[Ray Autoscaler] Ray autoscaler does not scale up effectively and fast #45373
Open
Description
What happened + What you expected to happen
We run Ray jobs in production. Right after upgrading Ray version from 2.3.0 to 2.20.0, we saw a significant increase in job latency. Upon investigation, we found that autoscaler wasn't spinning up new nodes even when majority of the tasks were in queue waiting to be scheduled which resulted in latency increase overall. We only schedule by memory and these jobs weren't using full memory they requested for. However, we expect autoscaler to still spin up new nodes to serve the demand.
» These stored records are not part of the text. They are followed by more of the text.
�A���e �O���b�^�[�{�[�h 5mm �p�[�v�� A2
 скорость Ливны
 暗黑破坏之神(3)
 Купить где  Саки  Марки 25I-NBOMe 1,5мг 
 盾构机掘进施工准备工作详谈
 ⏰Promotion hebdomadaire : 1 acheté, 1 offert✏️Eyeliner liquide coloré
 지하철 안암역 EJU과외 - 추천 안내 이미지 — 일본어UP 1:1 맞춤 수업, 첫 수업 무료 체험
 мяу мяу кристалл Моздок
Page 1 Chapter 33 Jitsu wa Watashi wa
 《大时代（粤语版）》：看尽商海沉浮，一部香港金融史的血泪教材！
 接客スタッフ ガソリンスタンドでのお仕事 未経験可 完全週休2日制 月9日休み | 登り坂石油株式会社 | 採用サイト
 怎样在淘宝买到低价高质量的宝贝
This issues does not occur with SPREAD scheduling strategy however (not sure why!).
Versions / Dependencies
Ray: 2.20.0
OS: Ubuntu 20.04
Python: 3.10
Reproduction script
You might need to install deltacat by pip3 install deltacat
. Each worker has 31 CPU, 220GB memory and 10000 max_tasks.
from deltacat.utils.ray_utils.concurrency import (
invoke_parallel,
)
import ray
import time
ray.init(address='auto')
@ray.remote
def i_will_return_after_t_secs(t):
import numpy as np
all_arrs = []
for _ in range(10):
all_arrs.append(np.random.rand(100000000)) # 0.8GB
# 8 GB overall
import time
time.sleep(t)
def options_provider(*args, **kwargs):
return {"num_cpus": 0.01, "memory": 23387571131, "resources": {'max_tasks': 0.001} }
items_to_run = [120 for _ in range(14000)]
start = time.monotonic()
print(f"Now starting: {start}")
pending = invoke_parallel(items_to_run, i_will_return_after_t_secs, max_parallelism=4096, options_provider=options_provider)
end_invoke = time.monotonic()
print(f"Now ended invoke: {end_invoke - start}")
ray.get(pending)
end = time.monotonic()
print(f"Complete: {end - start}")
# 2.3 used 460 nodes while 2.20 used 364 nodes at max.
Issue Severity
None